• _Exercise brief_
Print all of the data exactly, but drop the pictures.

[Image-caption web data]

------------------------

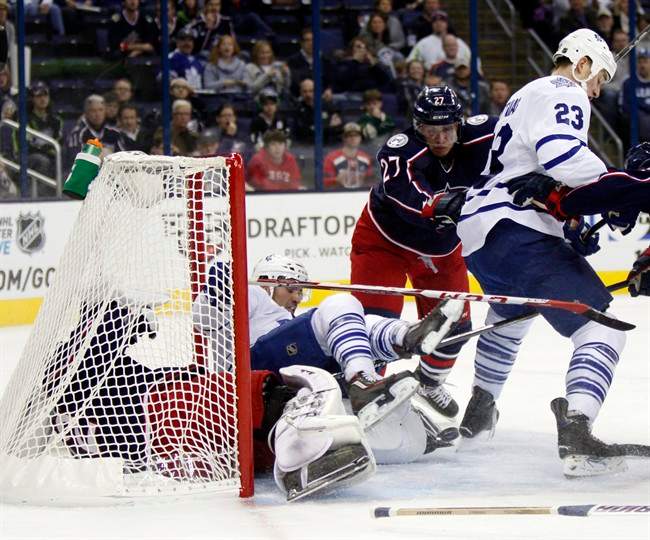 Columbus Blue Jackets goalie Sergei Bobrovosky (72), left, of Russia, makes a stop as Toronto Maple Leafs' Nazem Kadri falls on him behind Blue Jackets' Ryan Murray (27) and Maple Leafs' Shawn Matthias (23) during the first period of an NHL hockey game in Columbus, Ohio, Friday, Oct. 16, 2015.
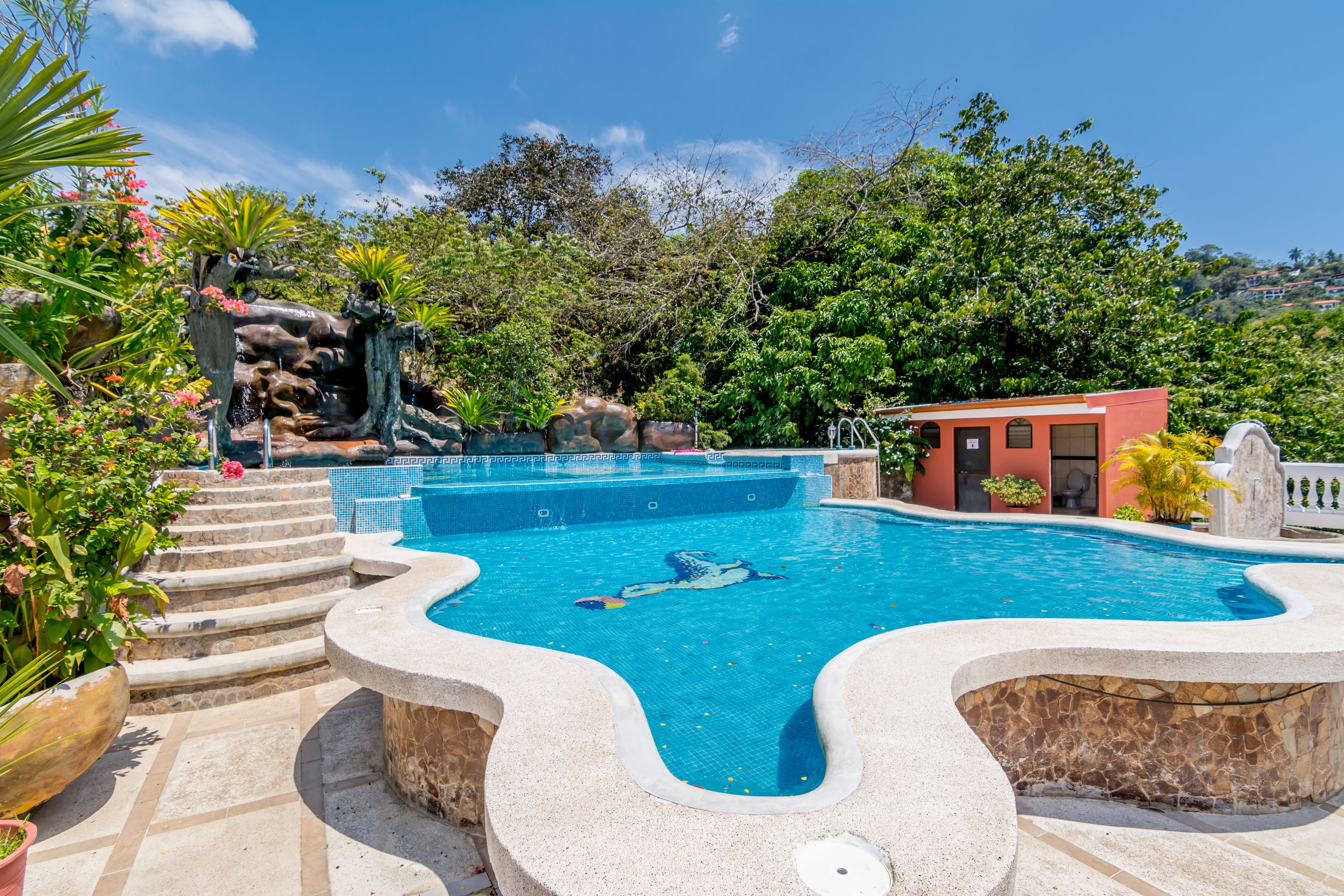 A swimming pool with a waterfall feature, surrounded by lush greenery and a small building.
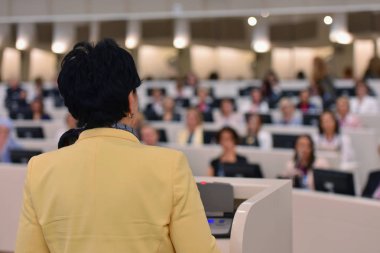 Toplantısında konuşan bir iş kadını. İzleyici olarak conferenc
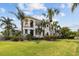 Stunning exterior view of a luxurious home with manicured lawns and mature palm trees at 5405 Tybee Island Dr, Apollo Beach, FL 33572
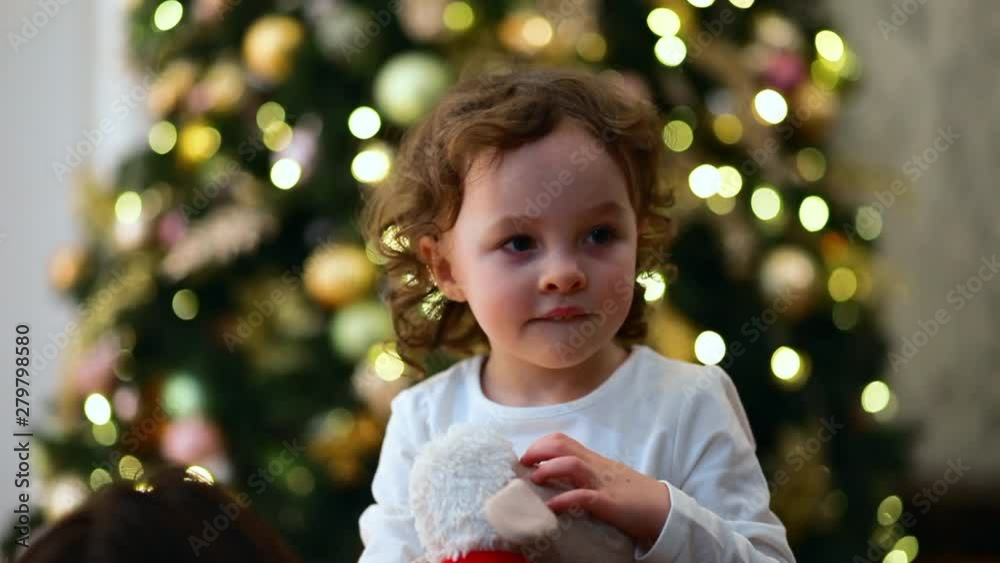 Close-up portrait of a little girl with the Christmas tree as the background. Close-up portrait of a little girl with the Christmas tree as the background.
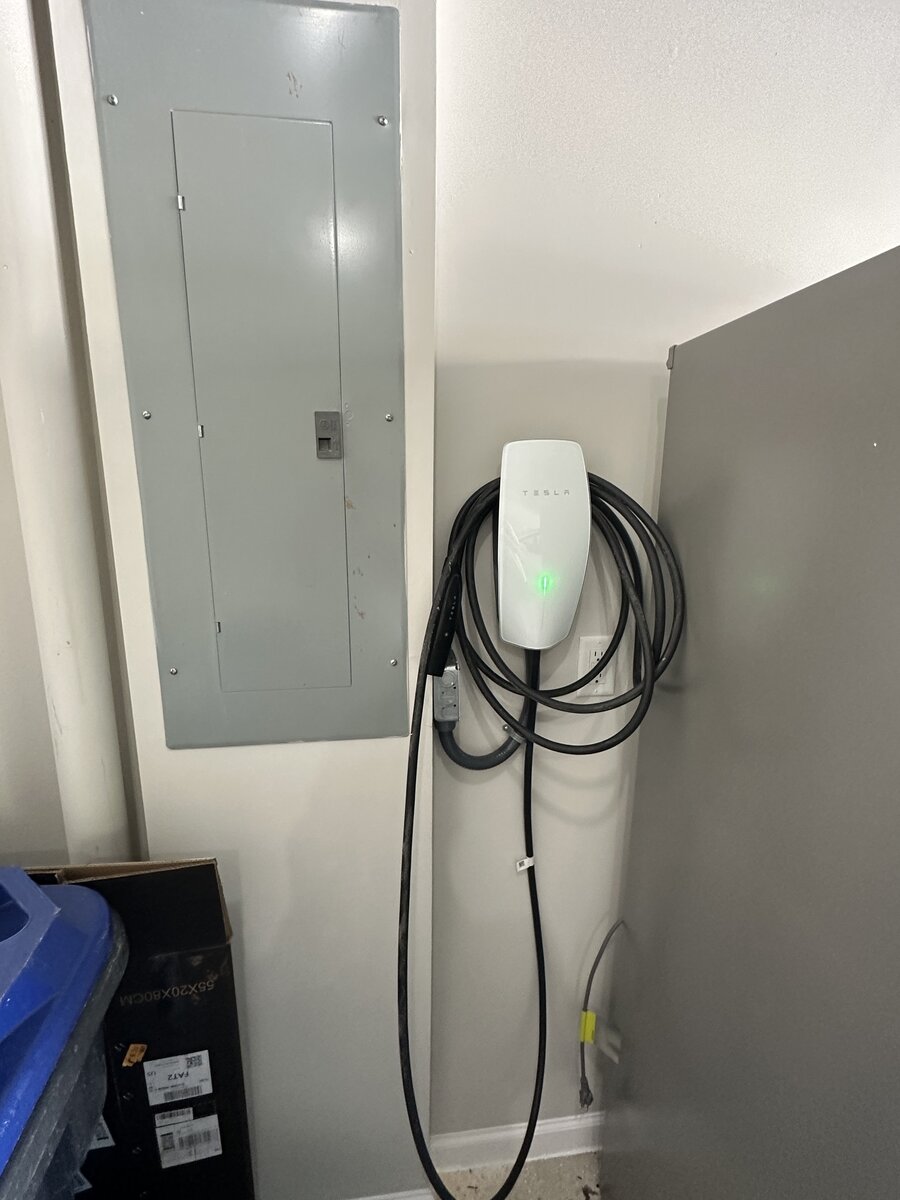 Tesla EV charger installed on exterior brick wall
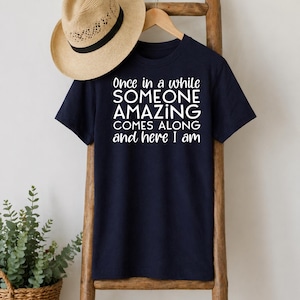 May include: Navy blue t-shirt with the text "Once in a while SOMEONE AMAZING COMES ALONG and here I am" in white. A straw hat hangs above the shirt on a wooden ladder.
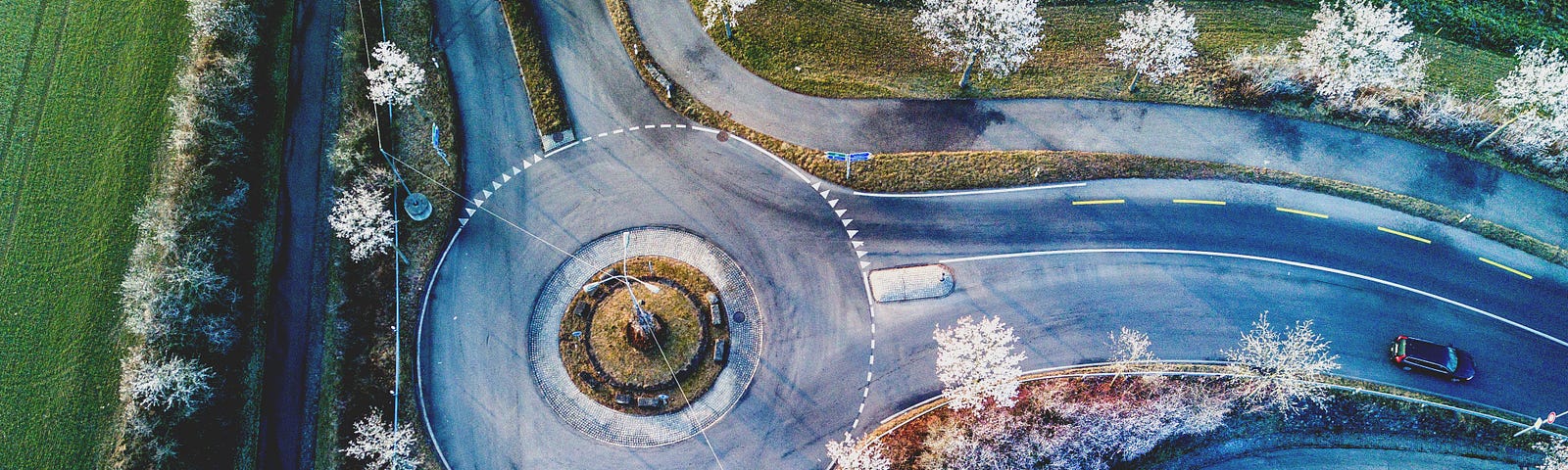 aerial view of a traffic circle with a total of three directions to choose from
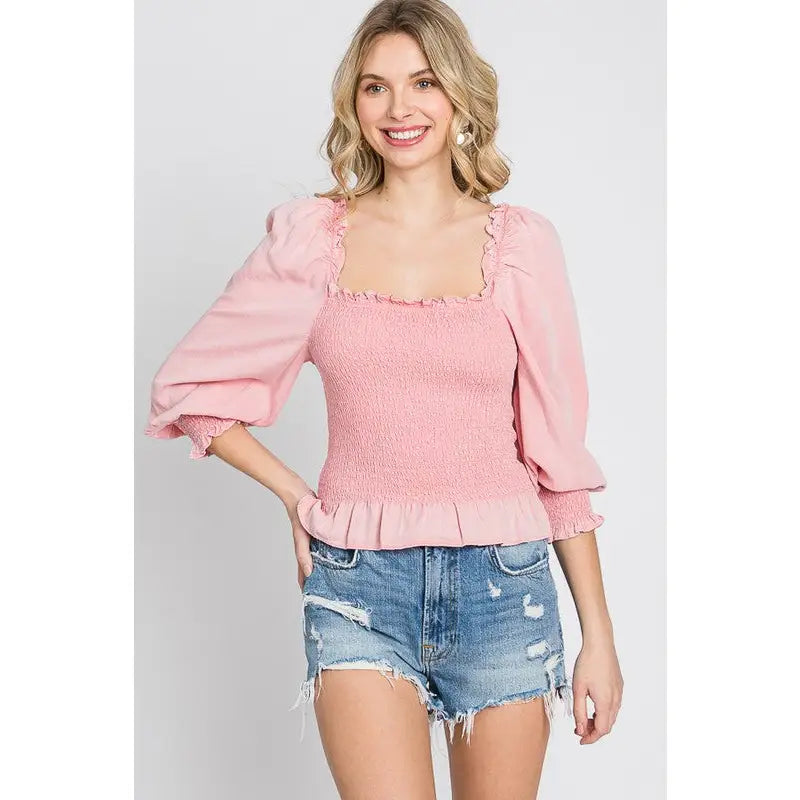 Chic and feminine blush pink smocked ruffled top with a chic square neckline. Available in standard plus sizes (SM-3XL).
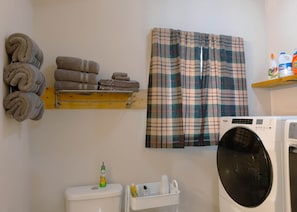 Een wasruimte met een wasmachine, toilet en een plank met opgevouwen handdoeken.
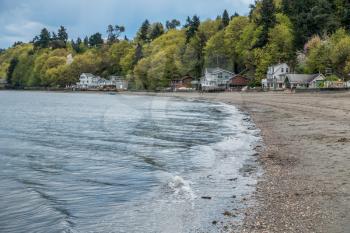 Small waves ripple toward shore at Dash Point Washington. Homes sit under lush green trees as Spring erupts in the Pacific Northwest.
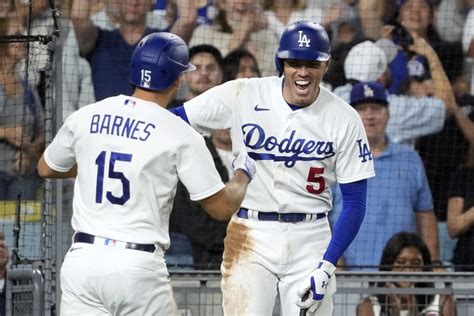 Barnes homers for first time in nearly a year, Dodgers beat Brewers 1-0 for 11th straight victory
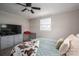 Relaxing bedroom with natural light, neutral tones, and a ceiling fan for optimal comfort at 396 Tower Rd, Vale, NC 28168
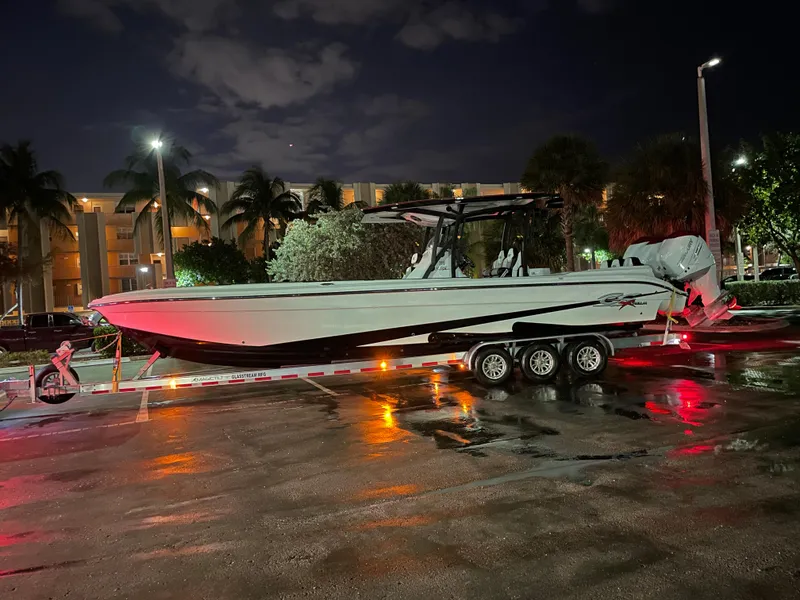 Slide: The Image of 2023 Glasstream 360 GSX Pro boat on a trailer at night, illuminated by streetlights. - 7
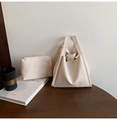 Detail of cream white litchi grain tote bag set with golden zipper on a wooden table - Off White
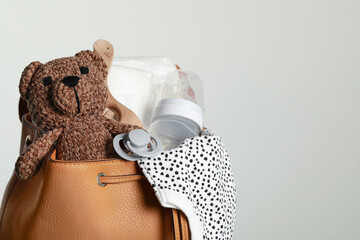 Mother's bag with baby's stuff on light grey background. Space for text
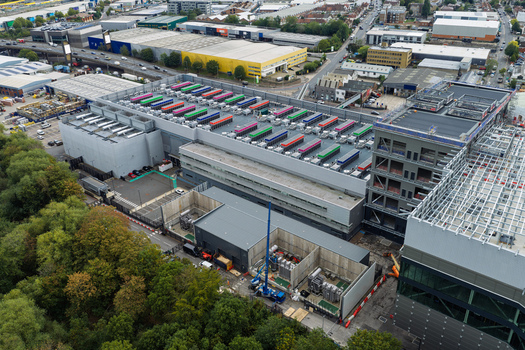 Aerial view of a large data center facility with colorful rooftop cooling units adjacent construction site and surrounding industrial area in the United Kingdom.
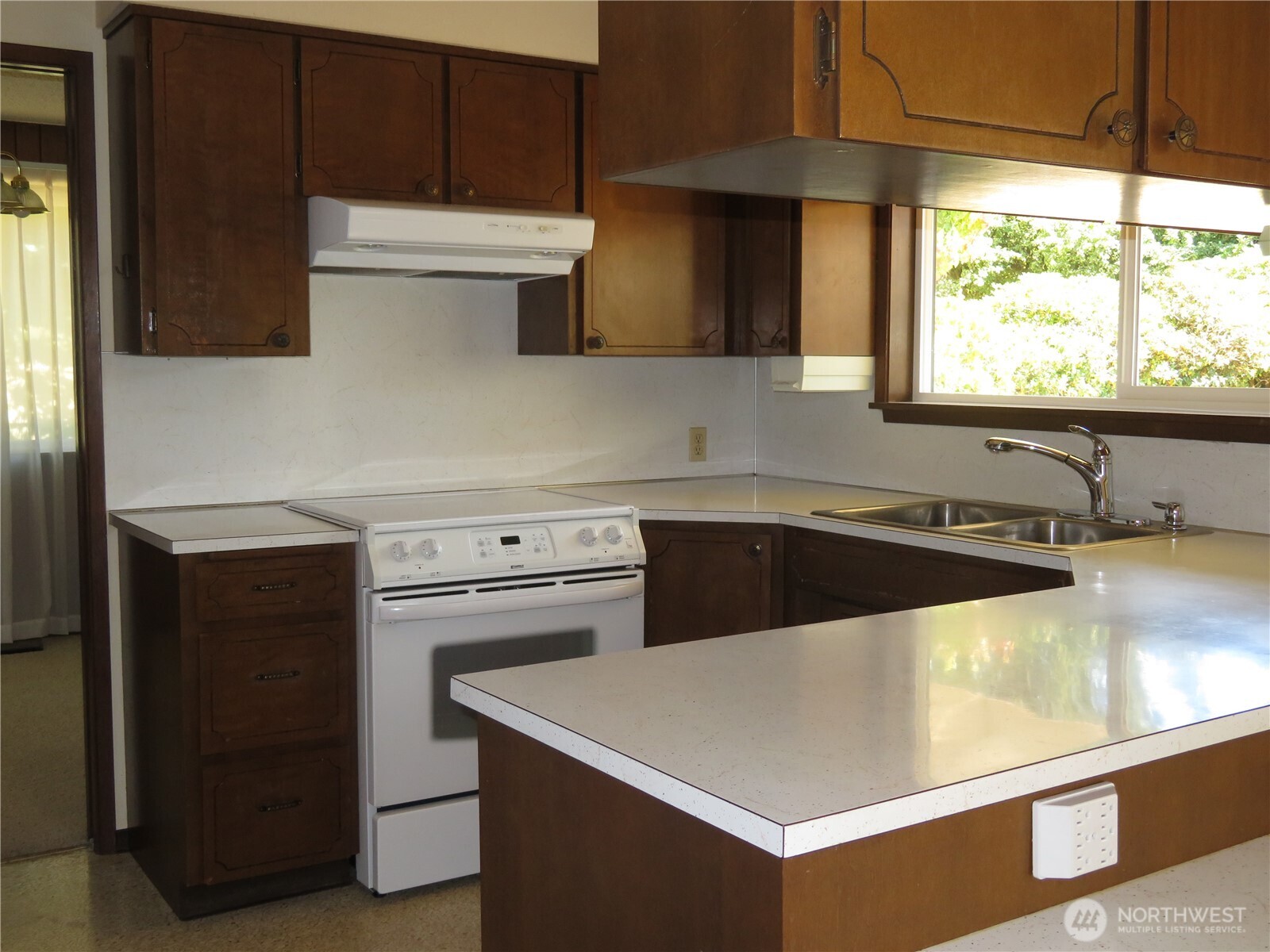 21 Wynoochee Valley Road Montesano, WA 98563 - Photo 21 of 38 a view of a kitchen with a sink and a stove top oven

------------------------

• _Exercise result_
 Columbus Blue Jackets goalie Sergei Bobrovosky (72), left, of Russia, makes a stop as Toronto Maple Leafs' Nazem Kadri falls on him behind Blue Jackets' Ryan Murray (27) and Maple Leafs' Shawn Matthias (23) during the first period of an NHL hockey game in Columbus, Ohio, Friday, Oct. 16, 2015.
 A swimming pool with a waterfall feature, surrounded by lush greenery and a small building.
 Toplantısında konuşan bir iş kadını. İzleyici olarak conferenc
 Stunning exterior view of a luxurious home with manicured lawns and mature palm trees at 5405 Tybee Island Dr, Apollo Beach, FL 33572
 Close-up portrait of a little girl with the Christmas tree as the background. Close-up portrait of a little girl with the Christmas tree as the background.
 Tesla EV charger installed on exterior brick wall
 May include: Navy blue t-shirt with the text "Once in a while SOMEONE AMAZING COMES ALONG and here I am" in white. A straw hat hangs above the shirt on a wooden ladder.
 aerial view of a traffic circle with a total of three directions to choose from
 Chic and feminine blush pink smocked ruffled top with a chic square neckline. Available in standard plus sizes (SM-3XL).
 Een wasruimte met een wasmachine, toilet en een plank met opgevouwen handdoeken.
 Small waves ripple toward shore at Dash Point Washington. Homes sit under lush green trees as Spring erupts in the Pacific Northwest.
 Barnes homers for first time in nearly a year, Dodgers beat Brewers 1-0 for 11th straight victory
 Relaxing bedroom with natural light, neutral tones, and a ceiling fan for optimal comfort at 396 Tower Rd, Vale, NC 28168
 Slide: The Image of 2023 Glasstream 360 GSX Pro boat on a trailer at night, illuminated by streetlights. - 7
 Detail of cream white litchi grain tote bag set with golden zipper on a wooden table - Off White
 Mother's bag with baby's stuff on light grey background. Space for text
 Aerial view of a large data center facility with colorful rooftop cooling units adjacent construction site and surrounding industrial area in the United Kingdom.
 21 Wynoochee Valley Road Montesano, WA 98563 - Photo 21 of 38 a view of a kitchen with a sink and a stove top oven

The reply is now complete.